Silpa Mukherjee holds an MPhil degree in Cinema Studies from School of Arts and Aesthetics, Jawaharlal Nehru University, New Delhi. She has written a dissertation on “item numbers,” a term first coined sometime in the 1990s by the Bombay film industry to designate a special kind of hypersexual song and dance spectacle. Media's legal, affective, and pornographic registers never fail to stimulate Mukherjee. Her writing has appeared in Bioscope: South Asian Screen Studies, The Soundtrack, Studies in South Asian Film and Media, South Asian Popular Culture, and several edited volumes. In 2016-17 Silpa Mukherjee had a brief stint at teaching critical media studies to graduate production students at AJK Mass Communication Research Centre, Jamia Milia Islamia University, New Delhi.

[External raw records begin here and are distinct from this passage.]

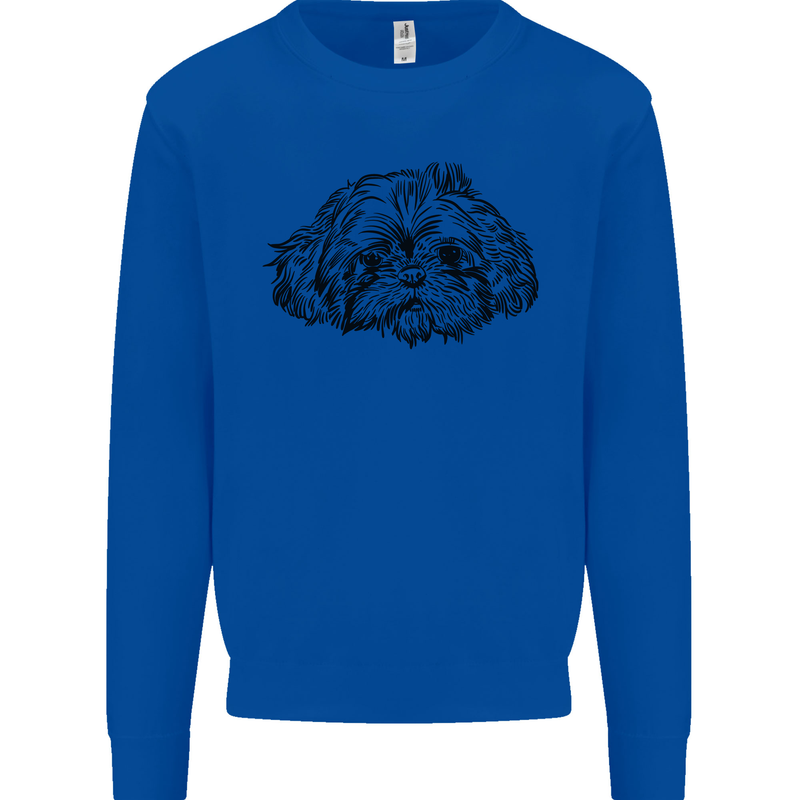 Shih Tzu Drawing Dogs Mens Sweatshirt Jumper Royal Blue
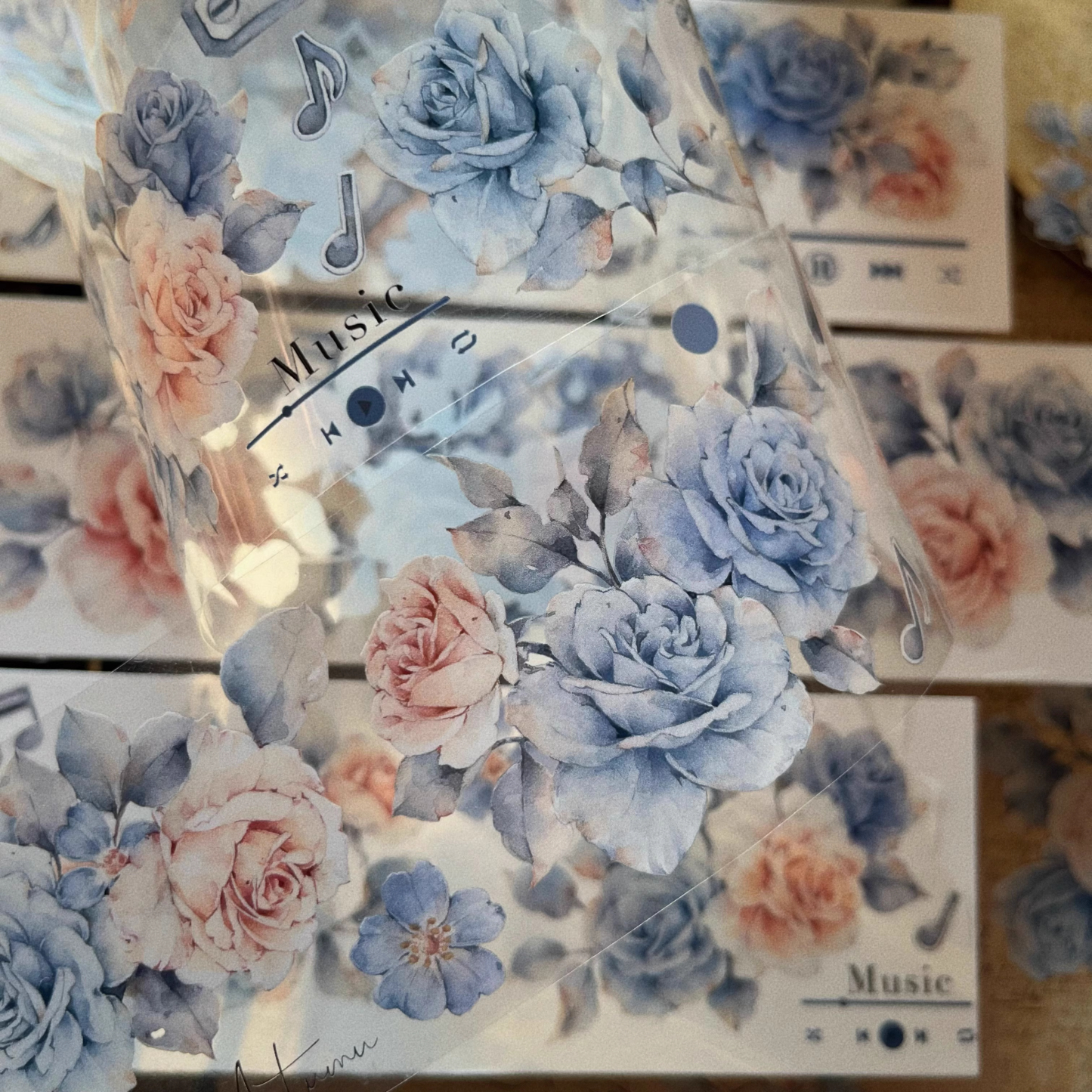 YIER Studio Vintage Blue Music Rose PET Washi Tape 2.36 inches * 236.22 inches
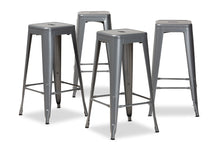 Load image into Gallery viewer, Baxton Studio Horton Modern and Contemporary Industrial Grey Finished Metal 4-Piece Stackable Bar Stool Set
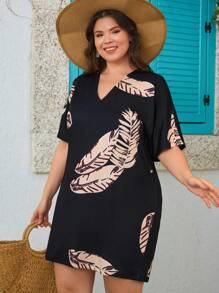 RueChic Plus Size Women's Summer Tropical Plant Printed Straight Dress For Vacation - Multicolor - View 5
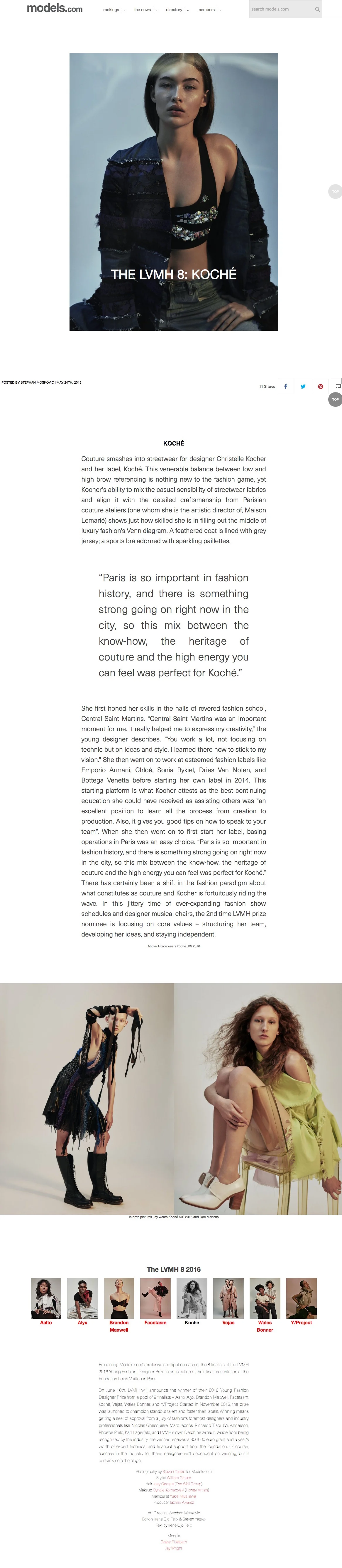 THE LVMH 8 : KOCHÉ / MODELS.COM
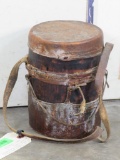 ANTIQUE Samburu Wood Container w/Leather Lid from Kenya AFRICAN ART ARTIFACTS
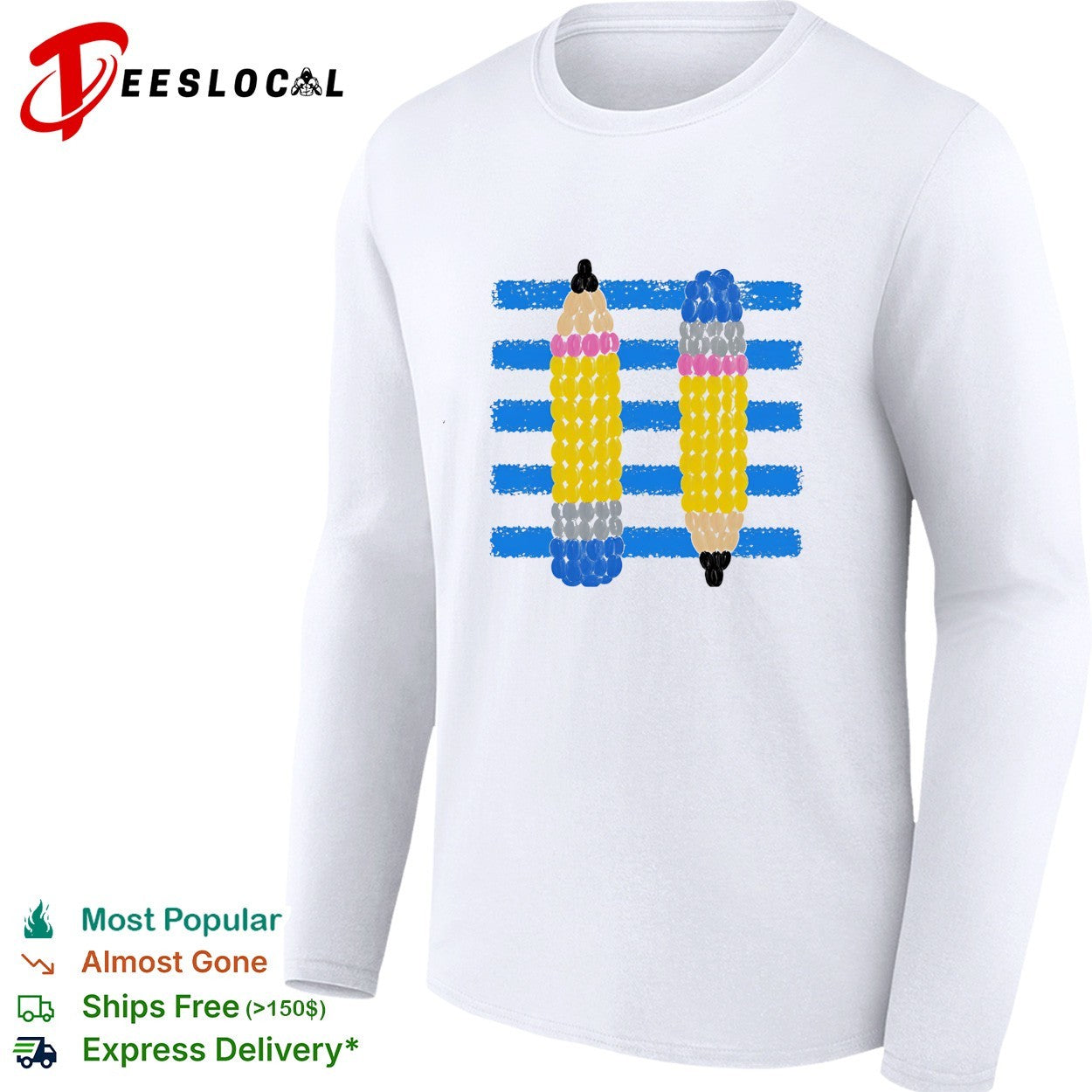 Beaded pencils blue stripes shirt
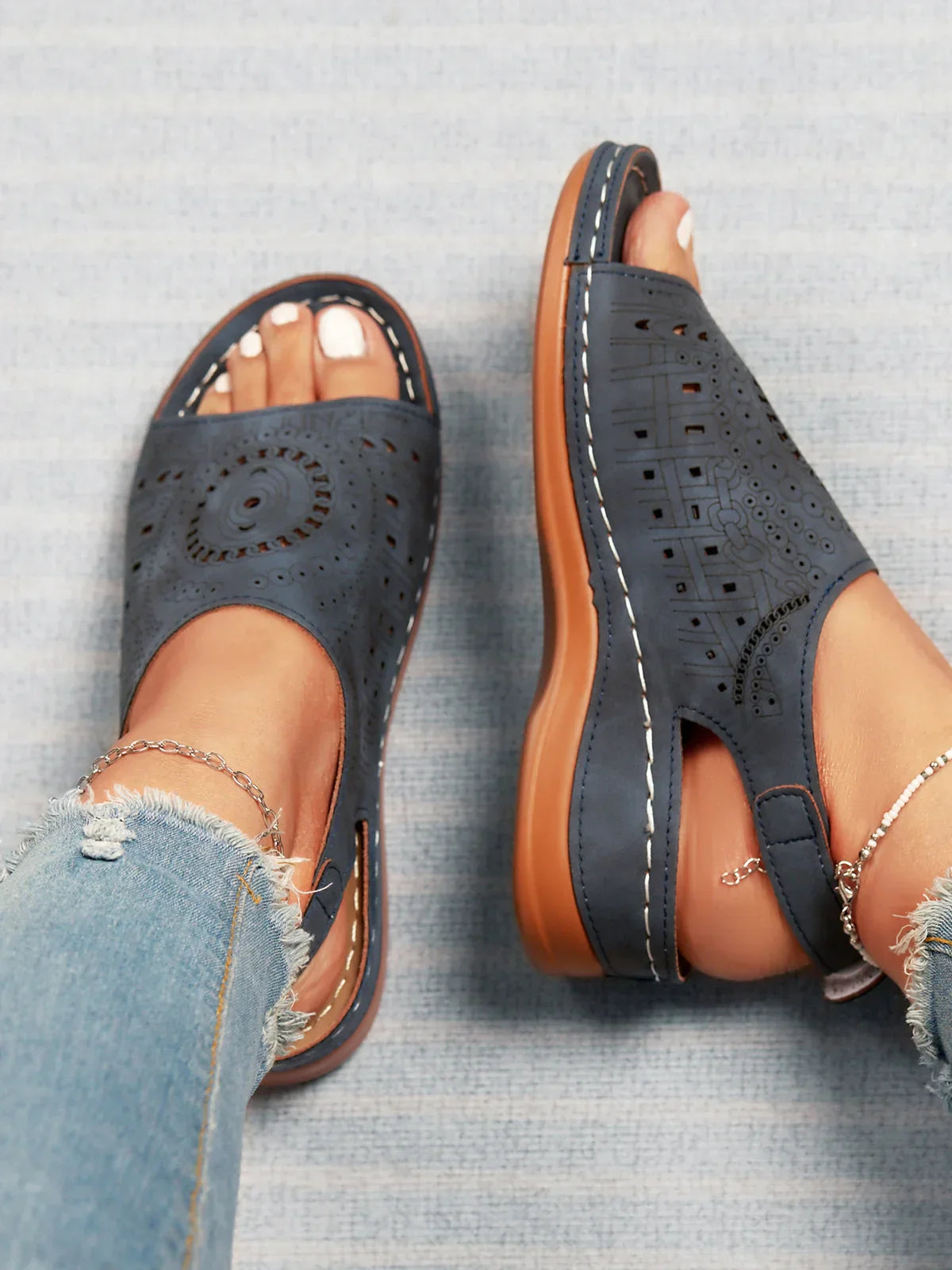 Avencea | Retro Sandal with Ethnic Pattern, Cutout and Hollow Design, Velcro Closure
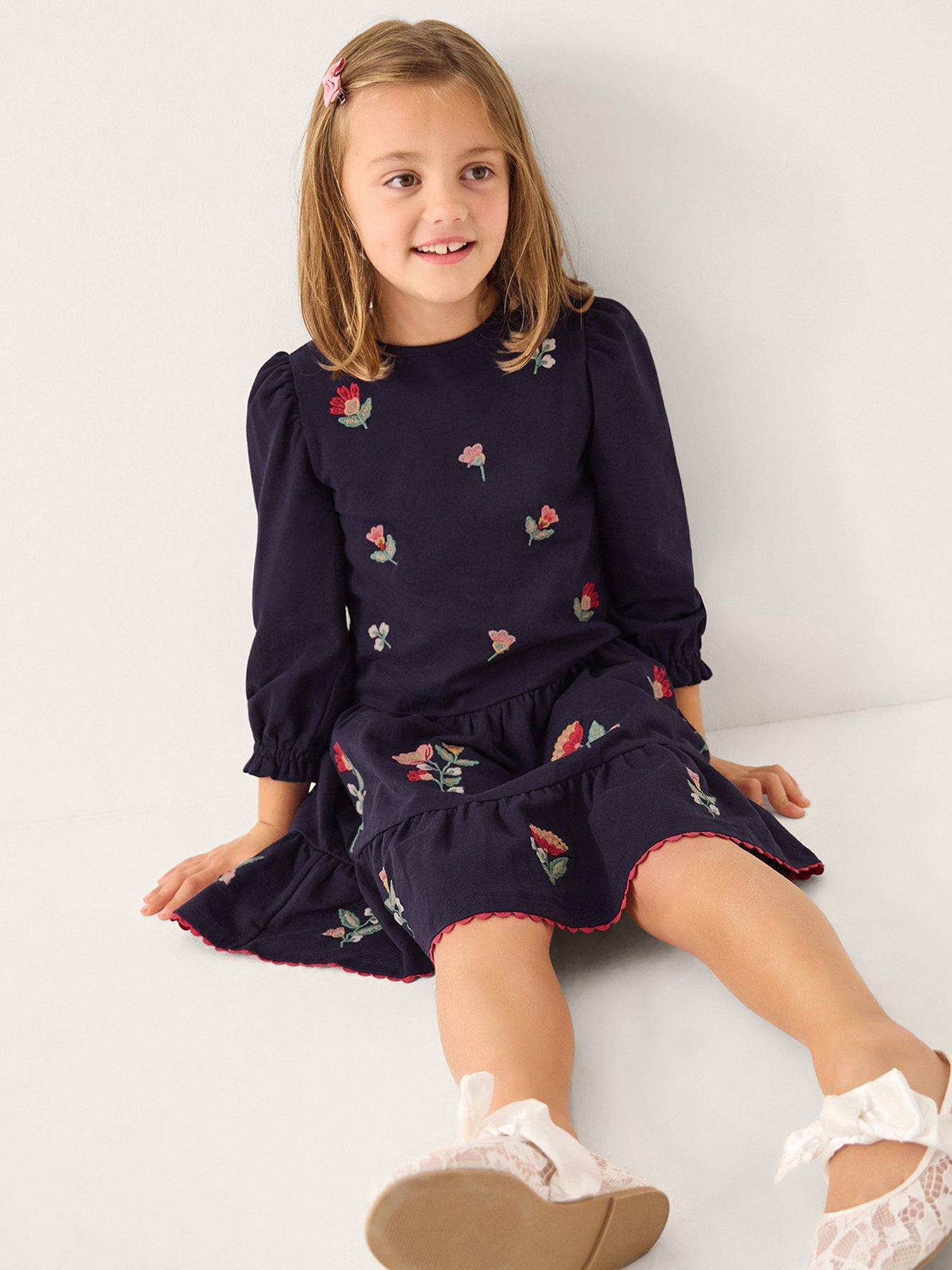 Monsoon Girls Floral Tiered Dress - Navy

Mukherjee is currently completing her PhD dissertation “Cinema as Contraband: Bombay Film Culture between 1977-1991” that examines the cine-crime nexus of 1980s Bombay, formed by money invested in cinema and its ancillary high-risk businesses like hotels, horseracing, and gambling by a Dubai based mafia network. She is a 2022-23 Mellon/American Council of Learned Societies Dissertation Completion Fellow. Previously her work has been supported by the University of Pittsburgh’s Provost’s Humanities Fellowship, Cultural Studies Fellowship, Asian Studies Center, and English Department. In summer 2022 she was a Humanities Without Walls Fellow. Mukherjee was awarded the Elizabeth Baranger Excellence in Graduate Teaching in 2021.

Silpa Mukherjee also serves as the Assistant Editor of JCMS (formerly Cinema Journal), the flagship journal of the Society of Cinema and Media Studies. You can read her public facing works on Indian cinema and media history and popular culture in Critical Collective and ASAP.